Please output the data exactly, minus pictures.

> Exercise data:
============================================================

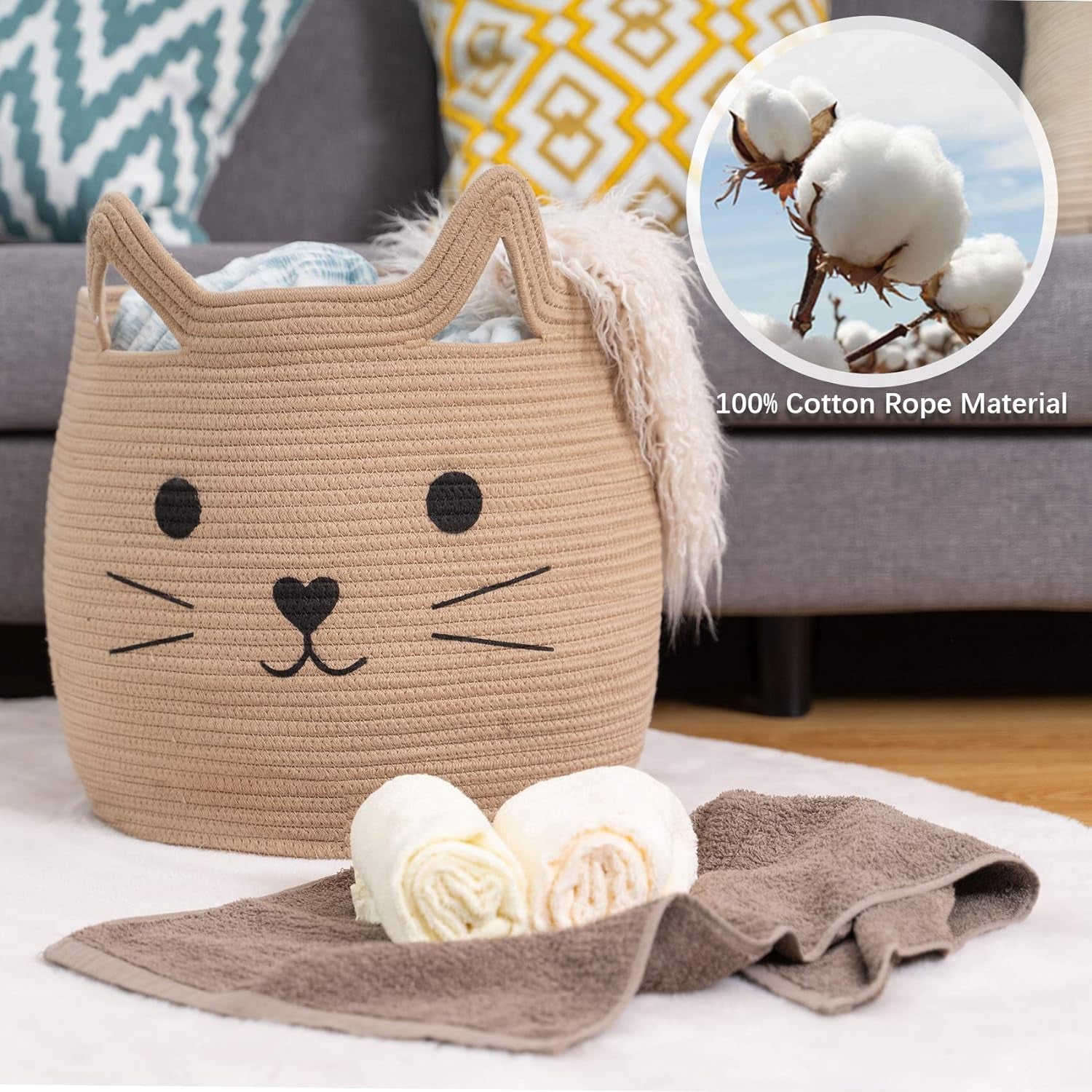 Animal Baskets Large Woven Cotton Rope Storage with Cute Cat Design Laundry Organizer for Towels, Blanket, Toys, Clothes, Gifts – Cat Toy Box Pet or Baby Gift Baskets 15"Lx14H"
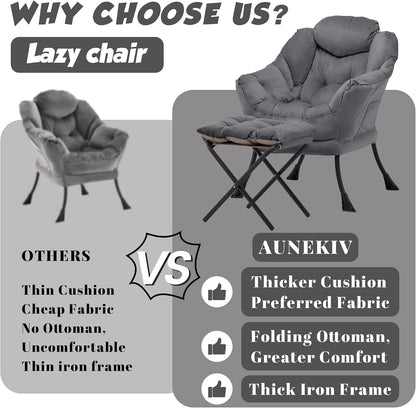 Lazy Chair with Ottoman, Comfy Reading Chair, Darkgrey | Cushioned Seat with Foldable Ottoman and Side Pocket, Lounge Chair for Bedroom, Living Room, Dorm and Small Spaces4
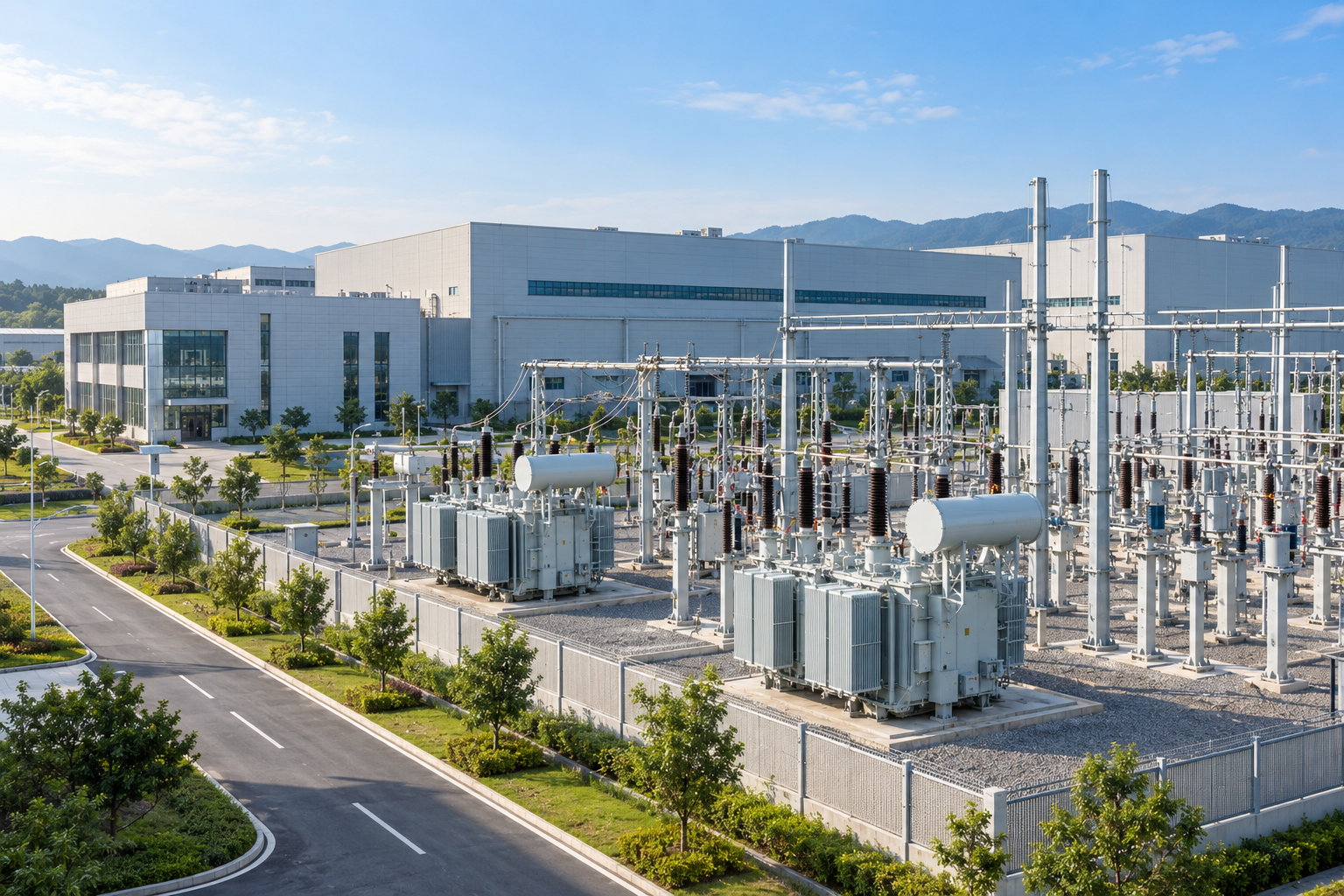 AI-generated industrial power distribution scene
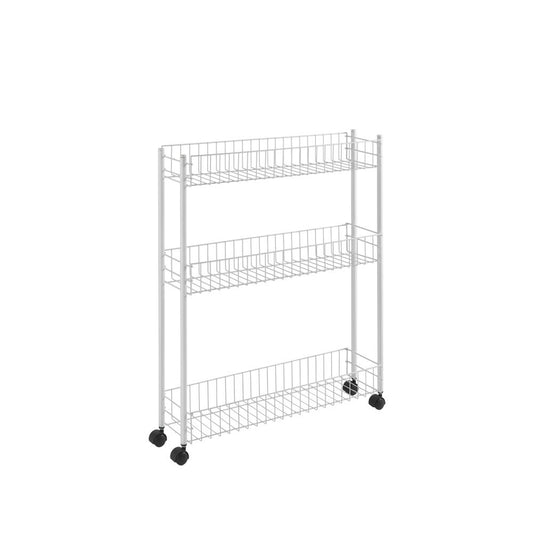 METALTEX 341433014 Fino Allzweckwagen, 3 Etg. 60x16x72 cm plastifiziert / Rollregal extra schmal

============================================================

> Reply:
 Animal Baskets Large Woven Cotton Rope Storage with Cute Cat Design Laundry Organizer for Towels, Blanket, Toys, Clothes, Gifts – Cat Toy Box Pet or Baby Gift Baskets 15"Lx14H"
 Lazy Chair with Ottoman, Comfy Reading Chair, Darkgrey | Cushioned Seat with Foldable Ottoman and Side Pocket, Lounge Chair for Bedroom, Living Room, Dorm and Small Spaces4
 AI-generated industrial power distribution scene
 METALTEX 341433014 Fino Allzweckwagen, 3 Etg. 60x16x72 cm plastifiziert / Rollregal extra schmal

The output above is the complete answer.